Opened up a fire-rated wall to install stuff and discovered blackened sections in the insulation (i think it’s fiberglass). marks have no distinct pattern.

Should i reuse it? Should i add something else before closing up?

It’s sandwiched between 5/8" drywall and a concrete wall to a common area in building. Opening is 40" high from finished floor to ceiling. I don’t think there could have been water there, other than maybe condensation. That stuff is 33 years old.

closeup one

closeup two

  • 1
    It does look to me like water infiltration bringing sediment with it.
    – keshlam
    Commented Jan 30, 2023 at 4:38
  • It could be moist/damp at times. Concrete is porous enough to wick water. How high above the ground is this?
    – FreeMan
    Commented Jan 30, 2023 at 14:00
  • You'd be hard-pressed to find such a wall without some discoloration due to occasional moisture or airflow.
    – isherwood
    Commented Jan 30, 2023 at 16:36
  • the bottom edge of the wall opening (in the second photo) is 42" (1meter) from the finished floor... hence why I doubt it's due to some flooding. The porosity argument makes a lot of sense.
    – init_js
    Commented Feb 7, 2023 at 4:05

1 Answer 1


Black patches like that are commonly seen in insulation like fiberglass when there has been air infiltration through that spot for an extended time. It's is just really fine dust caught in the mesh. This isn't causing any problems and isn't a bad thing, though it does indicate a (likely quite small) source of heat loss.

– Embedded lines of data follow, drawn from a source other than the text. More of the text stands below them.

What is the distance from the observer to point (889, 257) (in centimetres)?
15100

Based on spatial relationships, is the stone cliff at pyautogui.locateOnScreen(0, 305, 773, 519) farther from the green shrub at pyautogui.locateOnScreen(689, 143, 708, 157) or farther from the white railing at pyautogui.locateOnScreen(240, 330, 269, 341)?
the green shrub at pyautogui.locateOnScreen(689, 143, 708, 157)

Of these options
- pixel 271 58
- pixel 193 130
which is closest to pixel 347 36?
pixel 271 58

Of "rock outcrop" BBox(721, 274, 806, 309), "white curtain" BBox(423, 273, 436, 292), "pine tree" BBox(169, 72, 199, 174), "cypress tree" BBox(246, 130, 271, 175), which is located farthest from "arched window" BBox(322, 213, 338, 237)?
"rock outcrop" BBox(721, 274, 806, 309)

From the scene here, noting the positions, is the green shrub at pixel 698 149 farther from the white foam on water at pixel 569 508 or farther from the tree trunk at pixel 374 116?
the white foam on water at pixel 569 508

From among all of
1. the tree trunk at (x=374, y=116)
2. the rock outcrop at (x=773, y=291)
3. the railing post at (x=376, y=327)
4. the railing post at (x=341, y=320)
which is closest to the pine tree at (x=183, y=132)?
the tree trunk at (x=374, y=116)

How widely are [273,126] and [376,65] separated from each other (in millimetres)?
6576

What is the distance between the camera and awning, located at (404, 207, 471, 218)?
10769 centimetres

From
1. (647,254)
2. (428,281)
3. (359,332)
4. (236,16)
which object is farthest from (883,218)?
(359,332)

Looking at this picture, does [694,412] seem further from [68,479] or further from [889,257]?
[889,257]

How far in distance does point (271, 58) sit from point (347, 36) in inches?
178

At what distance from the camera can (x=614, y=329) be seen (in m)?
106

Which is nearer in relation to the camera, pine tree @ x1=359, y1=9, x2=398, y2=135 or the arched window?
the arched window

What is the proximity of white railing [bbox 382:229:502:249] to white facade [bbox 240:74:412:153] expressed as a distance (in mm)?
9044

I cannot see quite well enough in your second picture, but it looks like the black line is aligned with an intersection of two blocks in the wall behind. Looking at that closely you might find there is a small gap or cracks. These could be filled with something, depending on the material and size details, like caulking. This would stop the air movement.

  • I think you're right, there are small cracks in the wall! There's bits of mortar that have fallen all over too.